Expert: Scott A Wilson - 10/27/2008

Question
QUESTION: Hey - I'm prepping for the GREs and it's making me go back to high school problem solving that I can't remember. Worse, no calculators allowed! Could you explain this one to me?

How many 3-digit positive integers are odd and do not contain the digit '5'?

THANKS!

ANSWER: There are 10 choices for each digit under normal circumstances, so there are 10*10*10=1,000 choices for three digit numbers (you know, 0-999).

If they are odd, only half of these are odd, so it's 500 (10*10*5).

If they contain no 5, there are only 9 ways of choosing the first number and 9 ways of choosing the second number.  Since 5 is odd, there are only 4 ways of choosing the last number.

The answer is 9*9*4










=324.

---------- FOLLOW-UP ----------

QUESTION: Hi again, Thanks for your help.
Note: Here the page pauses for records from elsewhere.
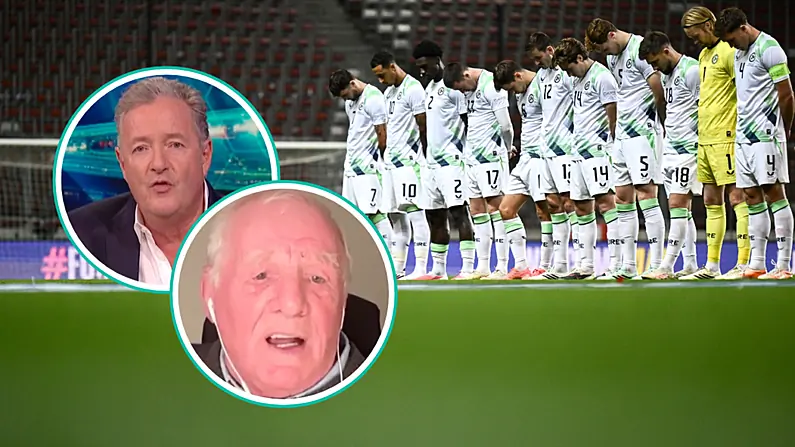 Chuir Eamon Dunphy Piers Morgan ar ais ina bhosca tar &eacute;is c&aacute;ineadh ar imreoir&iacute; na h&Eacute;ireann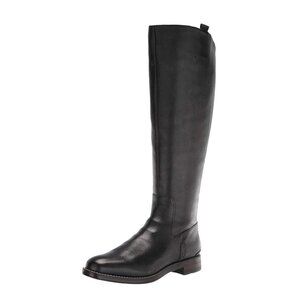 Franco Sarto MEYER Knee High Boots Black Leather Women's Shoes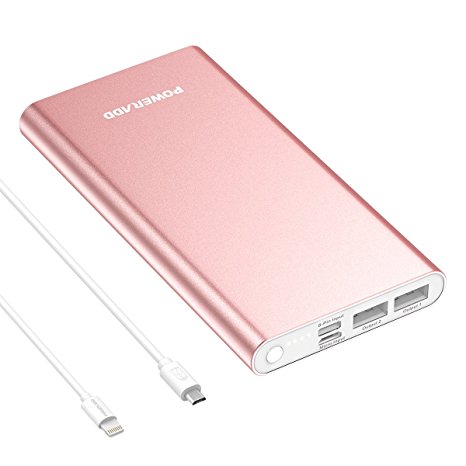 Poweradd Pilot 4GS Pro 12000mAh Power Bank (Lightning & Micro Input, Dual 3A Output) with Smart Charge for iPhone, iPad, Samsung, LG, HTC and More - Rose Gold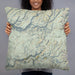 Person holding 22x22 Custom Yosemite National Park Map Throw Pillow in Woodblock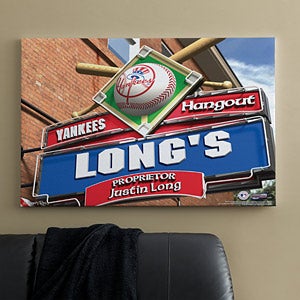 Personalized New York Yankees MLB Pub Sign Canvas Print - 11510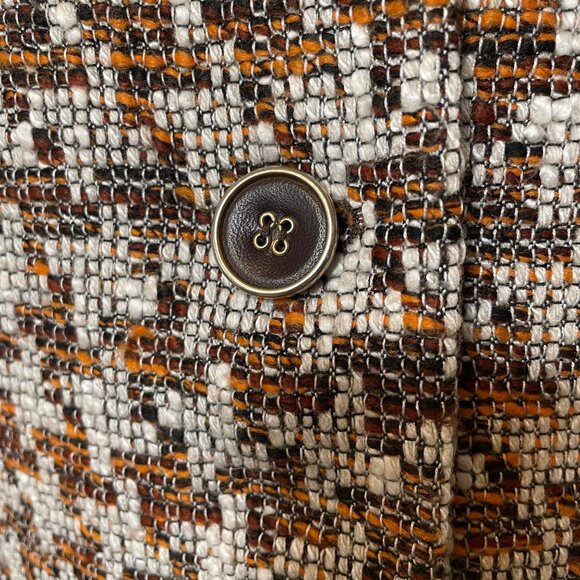 Escada for Neiman Marcus Brown and White Houndstooth Boucle Cropped Jacket Sz 40 - Picture 2 of 9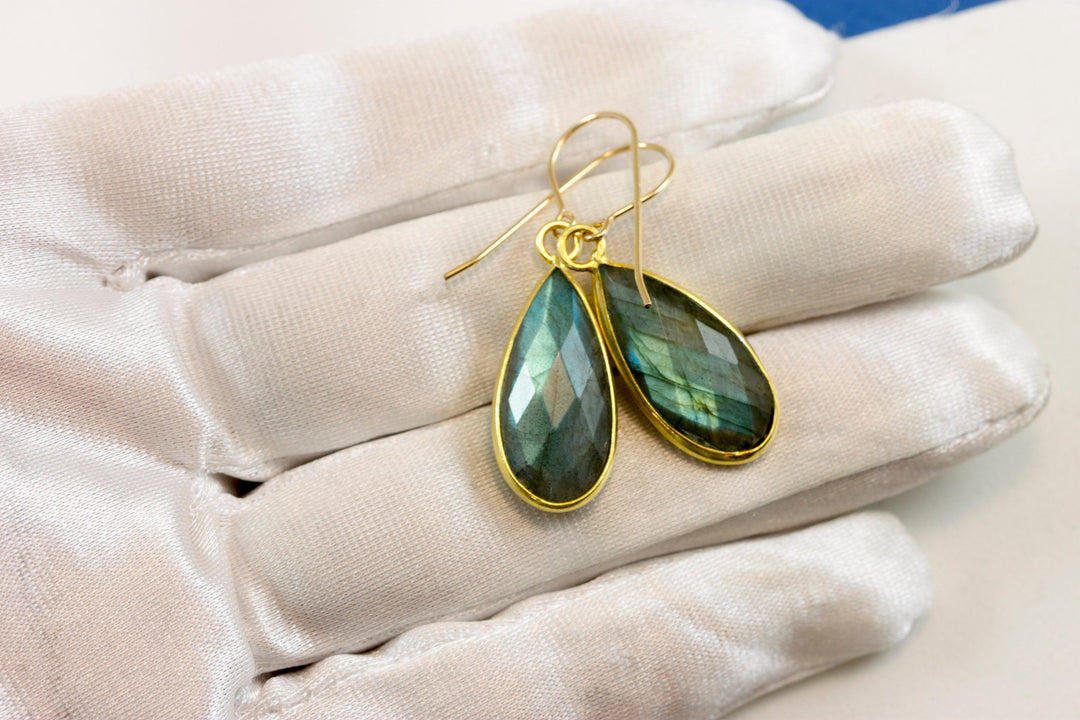 Blue Flash Labradorite Earrings large Simple Drops Bezel faceted teardrops Dangle Sterling Silver or 14k Solid Gold Blue Flash 1.5 Inches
Unfortunately,(9)(9)(4)=324.
The answer given is 288.

Your method makes sense to me except that I think you accounted for the 3rd digit twice. It can't be odd so you eliminated that when you divided by two but then you also eliminated the possibility of a 5. Doesn't that compensate for the 3rd digit not being a 5, twice? Unfortunately again, (9)(9)(5) is not the answer either so that can't be the explanation.
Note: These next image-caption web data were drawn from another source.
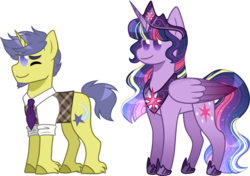 Size: 1641x1154 | Tagged: safe, artist:artistcoolpony, comet tail, twilight sparkle, alicorn, pony, unicorn, g4, the last problem, duo, female, male, older, older twilight, older twilight sparkle (alicorn), princess twilight 2.0, ship:cometlight, shipping, straight, twilight sparkle (alicorn)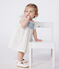 Vestido blanco de algodón y pololo con estampado de lunares para bebé blanco MARSHMALLOW/blanco MULTICO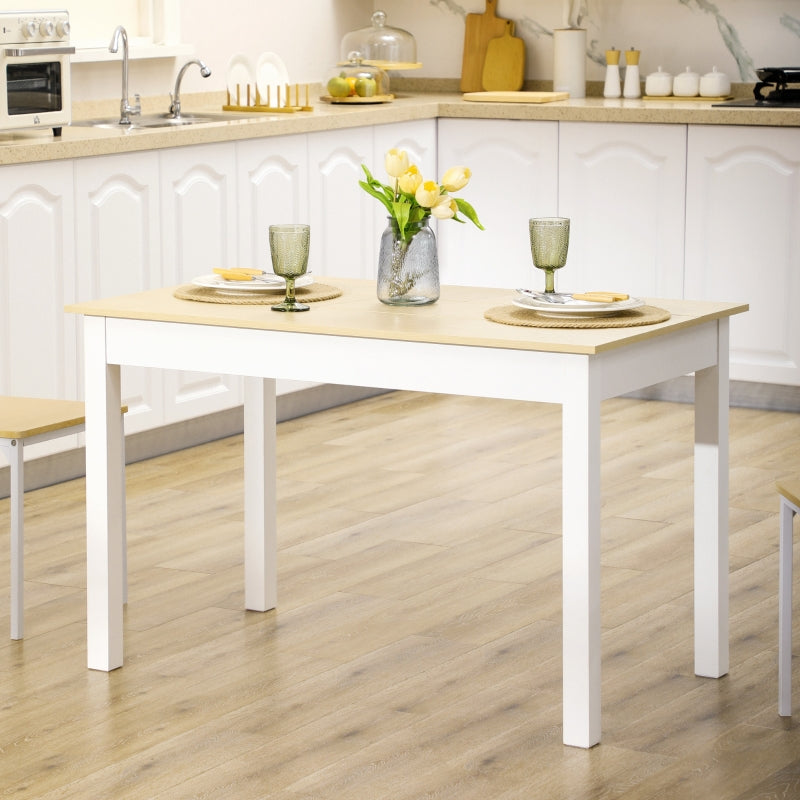 HOMCOM Mesa de Sala de Jantar de Madeira Retangular para 4-6 Pessoas 119x70x76 cm Carvalho e Branco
If you have any ideas, I'd love to hear them. THANKS

Answer
I checked in a spreadsheet and put down 000 through 999.
If any of the digits were 5, I tossed them out.
If the last digits was odd, I tossed it out.
I got 324.

I also put in the fact that all of the numbers must be different, but then I only obtained 224.

I then noticed if they only give 9 choices to the first digit, then make the second one different with only 8 choices and still 4 choices for the last one, they get 288.
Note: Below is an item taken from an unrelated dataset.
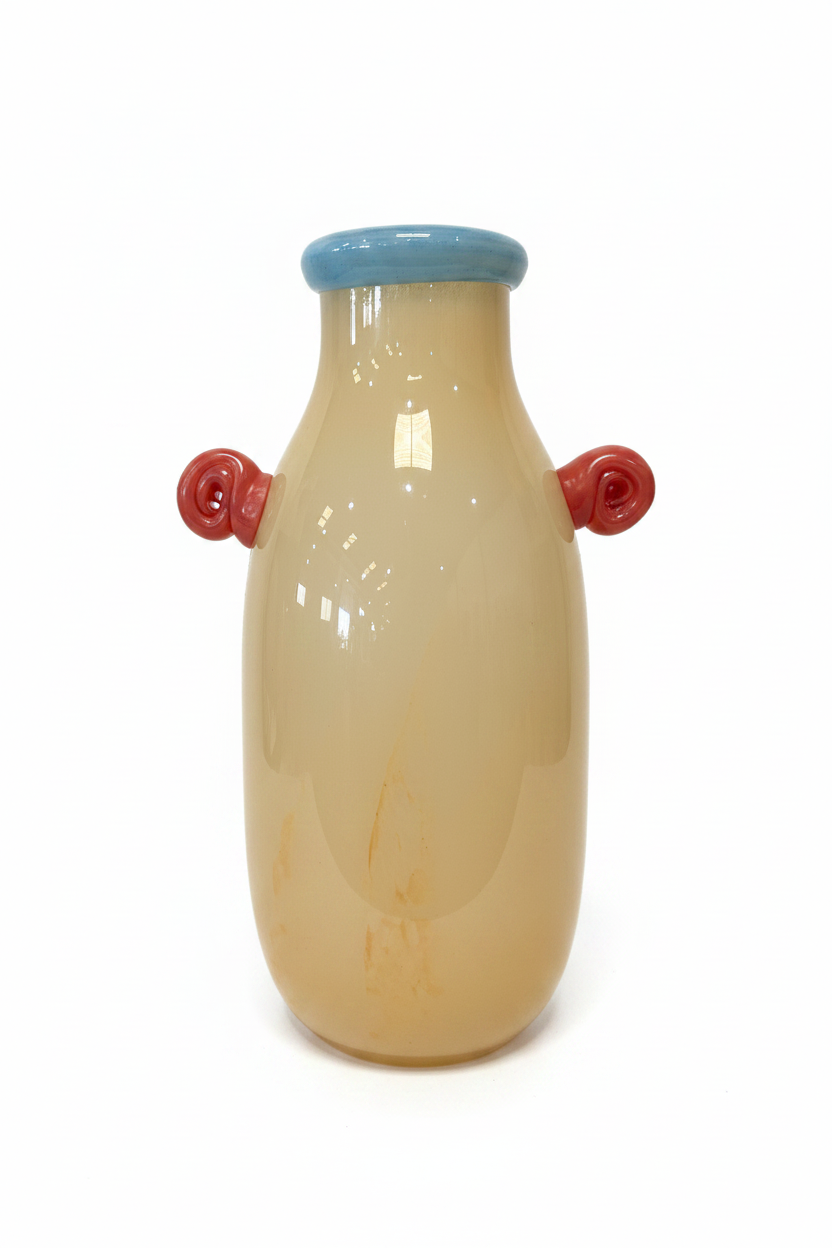 Cream Glass Bottle Vase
So, the way they problem is read, there are 324.
If no two numbers are allowed to be the same, there are 224.
If the first two digits are required to be different, there are 224.

I would tell the teacher about this.

001,003,007,009,011,013,017,019,021,023,027,029,031,033,037,
039,041,043,047,049,061,063,067,069,071,073,077,079,081,083,
087,089,091,093,097,099,101,103,107,109,111,113,117,119,121,
123,127,129,131,133,137,139,141,143,147,149,161,163,167,169,
171,173,177,179,181,183,187,189,191,193,197,199,201,203,207,
209,211,213,217,219,221,223,227,229,231,233,237,239,241,243,
247,249,261,263,267,269,271,273,277,279,281,283,287,289,291,
293,297,299,301,303,307,309,311,313,317,319,321,323,327,329,
331,333,337,339,341,343,347,349,361,363,367,369,371,373,377,
379,381,383,387,389,391,393,397,399,401,403,407,409,411,413,
417,419,421,423,427,429,431,433,437,439,441,443,447,449,461,
463,467,469,471,473,477,479,481,483,487,489,491,493,497,499,
601,603,607,609,611,613,617,619,621,623,627,629,631,633,637,
639,641,643,647,649,661,663,667,669,671,673,677,679,681,683,
687,689,691,693,697,699,701,703,707,709,711,713,717,719,721,
723,727,729,731,733,737,739,741,743,747,749,761,763,767,769,
771,773,777,779,781,783,787,789,791,793,797,799,801,803,807,
809,811,813,817,819,821,823,827,829,831,833,837,839,841,843,
847,849,861,863,867,869,871,873,877,879,881,883,887,889,891,
893,897,899,901,903,907,909,911,913,917,919,921,923,927,929,
931,933,937,939,941,943,947,949,961,963,967,969,971,973,977,
979,981,983,987,989,991,993,997,999.

Now that's 21 rows of 15 numbers with 9 in the last row, which is 21*15 + 9 = 315 + 9 = 324.

If you need another list, I can provide them as well.

Maybe there was something special in the problem that wasn't include.